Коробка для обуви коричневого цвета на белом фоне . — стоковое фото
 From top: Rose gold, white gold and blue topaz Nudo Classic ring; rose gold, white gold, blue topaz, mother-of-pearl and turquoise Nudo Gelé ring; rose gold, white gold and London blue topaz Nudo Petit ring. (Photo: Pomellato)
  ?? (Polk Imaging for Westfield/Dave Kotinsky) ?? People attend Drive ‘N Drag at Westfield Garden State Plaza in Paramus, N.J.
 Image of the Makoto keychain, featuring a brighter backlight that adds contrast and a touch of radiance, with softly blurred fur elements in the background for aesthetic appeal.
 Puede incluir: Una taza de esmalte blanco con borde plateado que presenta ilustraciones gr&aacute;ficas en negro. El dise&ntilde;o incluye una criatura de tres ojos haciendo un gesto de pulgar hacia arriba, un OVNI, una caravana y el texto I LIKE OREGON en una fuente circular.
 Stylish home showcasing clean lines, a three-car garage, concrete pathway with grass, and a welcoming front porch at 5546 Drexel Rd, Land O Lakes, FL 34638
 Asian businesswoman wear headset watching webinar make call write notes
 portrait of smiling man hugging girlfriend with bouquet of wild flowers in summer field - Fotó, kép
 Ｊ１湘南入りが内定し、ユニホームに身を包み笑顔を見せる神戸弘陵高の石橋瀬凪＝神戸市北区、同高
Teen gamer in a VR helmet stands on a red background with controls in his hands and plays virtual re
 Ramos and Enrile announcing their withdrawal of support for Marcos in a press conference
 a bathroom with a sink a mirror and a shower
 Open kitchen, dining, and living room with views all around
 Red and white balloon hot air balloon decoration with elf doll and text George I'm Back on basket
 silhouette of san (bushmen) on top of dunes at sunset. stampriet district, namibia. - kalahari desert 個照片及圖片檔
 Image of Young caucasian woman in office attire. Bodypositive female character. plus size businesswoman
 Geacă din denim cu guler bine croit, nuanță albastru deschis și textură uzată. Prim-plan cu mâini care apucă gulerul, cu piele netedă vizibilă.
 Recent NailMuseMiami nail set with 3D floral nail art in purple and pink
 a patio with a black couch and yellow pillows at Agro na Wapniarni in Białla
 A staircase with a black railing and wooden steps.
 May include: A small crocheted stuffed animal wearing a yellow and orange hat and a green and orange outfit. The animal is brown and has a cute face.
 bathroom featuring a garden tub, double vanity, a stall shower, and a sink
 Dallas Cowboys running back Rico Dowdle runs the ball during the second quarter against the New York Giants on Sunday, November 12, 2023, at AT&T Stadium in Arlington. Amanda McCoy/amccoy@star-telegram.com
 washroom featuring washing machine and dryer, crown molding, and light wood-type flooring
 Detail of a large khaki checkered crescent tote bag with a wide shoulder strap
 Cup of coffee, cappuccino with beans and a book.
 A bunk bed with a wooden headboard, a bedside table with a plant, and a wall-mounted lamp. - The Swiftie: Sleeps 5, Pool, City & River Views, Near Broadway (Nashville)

*****

## Problem statement
Scan the lines above for "Recent NailMuseMiami nail" and for "Detail of a". Repeat exactly the line holding each of them and every line in between.

## Written answer
 Recent NailMuseMiami nail set with 3D floral nail art in purple and pink
 a patio with a black couch and yellow pillows at Agro na Wapniarni in Białla
 A staircase with a black railing and wooden steps.
 May include: A small crocheted stuffed animal wearing a yellow and orange hat and a green and orange outfit. The animal is brown and has a cute face.
 bathroom featuring a garden tub, double vanity, a stall shower, and a sink
 Dallas Cowboys running back Rico Dowdle runs the ball during the second quarter against the New York Giants on Sunday, November 12, 2023, at AT&T Stadium in Arlington. Amanda McCoy/amccoy@star-telegram.com
 washroom featuring washing machine and dryer, crown molding, and light wood-type flooring
 Detail of a large khaki checkered crescent tote bag with a wide shoulder strap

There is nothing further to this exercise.